A specific sentence would be helpful though.


----------



## Flora_IT

Hi, I would need some help too with this phrase.
E' una lista di obiettivi di un progetto per la cura dei malati di alzheimer e non so come rendere l'espssione "presa in carico personalizzata nel territorio
nel seguente contesto:
 Realizzare un modello di “presa in carico personalizzata nel territorio” che sia adatto ai diversi stadi della progressione della malattia


implementing a "personalized local care-taking (???????)" suitable to the different progression stages of the disease


ovviamente care-taking non funziona e non va bene...ma non mi viene niente per presa in carico....


----------



## TimLA

Realizzare un modello di “presa in carico personalizzata nel territorio” che sia adatto ai diversi stadi della progressione della malattia


Implementing a "personalized local care" suitable to the different stages of the disease


----------



## Flora_IT

grazie TimLa,
e che ne dite di a "personalized care in the community approach" ?


----------



## TimLA

Flora_IT said:


> grazie TimLa,
> e che ne dite di a "personalized care with a community approach" ?


 
Piccolissimi cambiamenti...fastidiosi preposizioni...


----------



## tastieranera

Hi all
just an idea, how would "take in charge the patient" sound? Does it make sense in English?


----------



## TimLA

tastieranera said:


> Hi all
> just an idea, how would "take in charge the patient" sound? Does it make sense in English?


 
You might say something similar:
...take charge of the patient's care...
...take charge of the patient...

but they are a bit "stonger" in English.


----------



## Flora_IT

TimLa, thanks, but i actually meant the expression "care in the community" as a type of "community care"...
it's a way of looking after patients in the community instead than institutionalizing them...
look here :
http://en.wikipedia.org/wiki/Care_in_the_Community


----------



## TimLA

Flora_IT said:


> grazie TimLa,
> e che ne dite di a "personalized care in the community approach" ?


 


Flora_IT said:


> TimLa, thanks, but i actually meant the expression "care in the community" as a type of "community care"...
> it's a way of looking after patients in the community instead than institutionalizing them...
> look here :
> http://en.wikipedia.org/wiki/Care_in_the_Community


 
Ok, then you could say:

...the approach of personalized care in the community.
...the "personalized care in the community" approach.
...the personalized "care in the community" approach.

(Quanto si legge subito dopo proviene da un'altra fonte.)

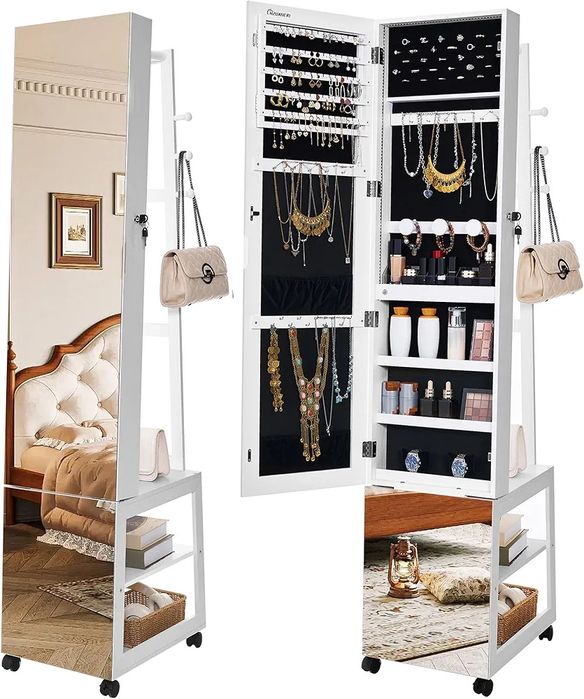 Szafka na biżuterię z dużym lustrem i półkami stojącą na kółkach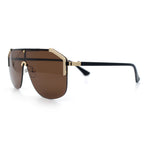Oversized Shield Rectangular Rimless Metal Frame Racer Sunglasses
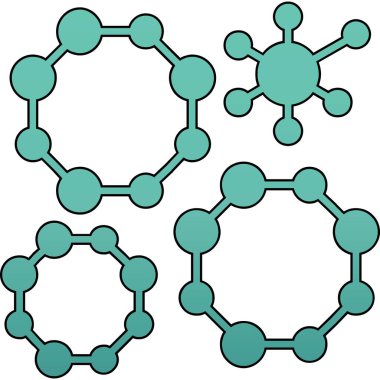 Kimyasal moleküller simge renk ana hatları vektörü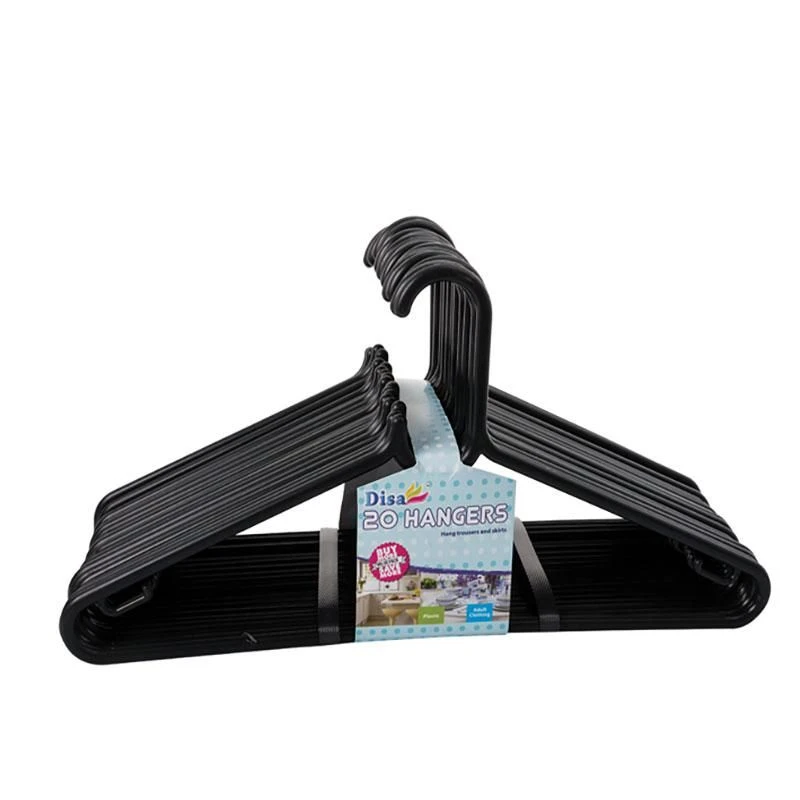 Black Clothes Hangers Plastic - 20 Piece Per Pack - 2 Packs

"Care in the community" needs some way of being kept together in the sentence, and not seen merged with other words.


----------



## italyireland

Hi! Could you help me with this transaltion please?

Come funziona la "presa in carico" di una persona/paziente (bambino o adulto che sia)?

I tried to translate this but it doesn't sound good.

How does the take in charge of a patient work? (child or adult)

Thank you!


----------



## TimLA

Ciao,
Mi pare che ci sia bisogno di più contesto.

Potrebbe essere:
How does the follow-up of the patient work?
How does the patient follow-up work?
How does the patient management/supervision work?

Cosa indica "presa in carico" in questo contesto?
Cosa succede con il paziente?


----------



## italyireland

Stiamo parlando di terapia con un cane, therapy dog.  Il conduttore e il cane si recano in un ospedale o in una scuola se parliamo di un bambino. Li' prendono in carica uno o piu' "pazienti" e utilizzano pet-therapy per migliorare la sua/loro condizione.
Penso che follow up possa andare bene.
Grazie TimLA


----------



## Curandera

Mi chiedevo, ma la presa in carico non vuole forse dire 'prendere in cura' ovvero ospitalizzare e assistere il paziente?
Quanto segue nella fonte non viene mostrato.